Frustrated by the ending of Game of Thrones? Let's redo it our way.
I've experimented with creating an extremely simple video game, inspired by the books I read decades ago—those "choose-your-own-adventure" stories where you're the hero. The difference here is that everything is generated dynamically at each step:
- the story
- the choices
- the voiceover
- the illustrations
- and the music (which I removed, for reasons I'll explain later).
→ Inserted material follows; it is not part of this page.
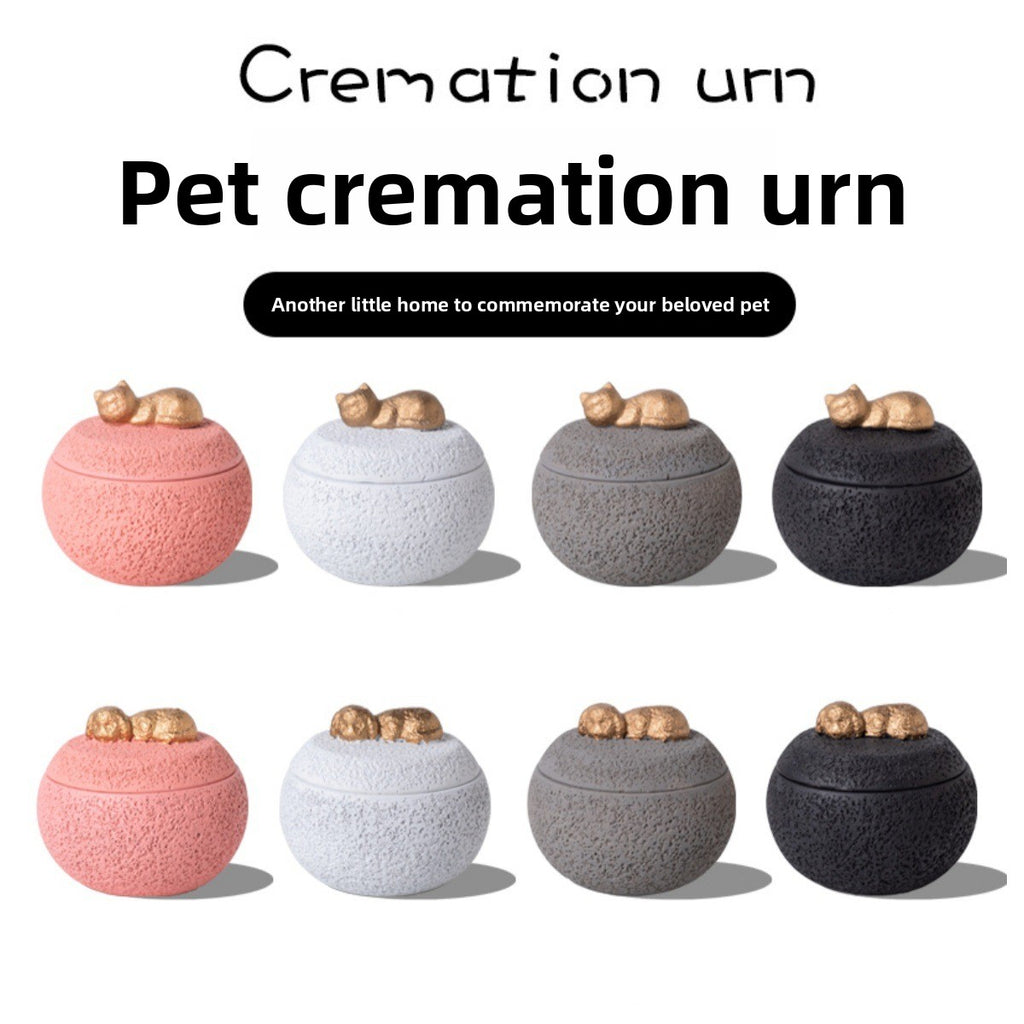 Sleeping Pet Cremation Urn — Handcrafted Memorial for Cats & Dogs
I saw multiple videos on YouTube and even on LinkedIn where people claimed they were able to create complex software very simply. Video games are clearly part of this phenomenon since they’re a blend of art and engineering at their finest (not to mention the market competition, with thousands of new games released nearly every day).
What I tried to show here is that, nowadays, you can create a story that never ends.
If it’s so easy to create simple games, then what’s the real value? For me, it goes back to what Elon Musk said: learning should be as close as possible to video games. It turns out that if we combine AI’s capabilities with some brilliant minds, we could teach many things as if they were games.
Of course, we have to remember that real learning involves doing and practicing, and just clicking buttons—sometimes randomly—has limited educational value. The challenge is how to export the ability to practice while still “gaming,” beyond the screen.
Returning to my experiment, I learned something interesting: I used only OpenAI's tools. There's an orchestrator that sets the situation, and then different calls are made to generate the various assets. One component, however, was a complete failure: music creation. My initial assumption was that ChatGPT/OpenAI’s APIs could at least transcribe famous pieces into MIDI files (which are easy to manipulate and have been a standard for decades). It turned out to be a total disaster—even simple melodies weren’t reproduced accurately—so I gave up on generating original compositions.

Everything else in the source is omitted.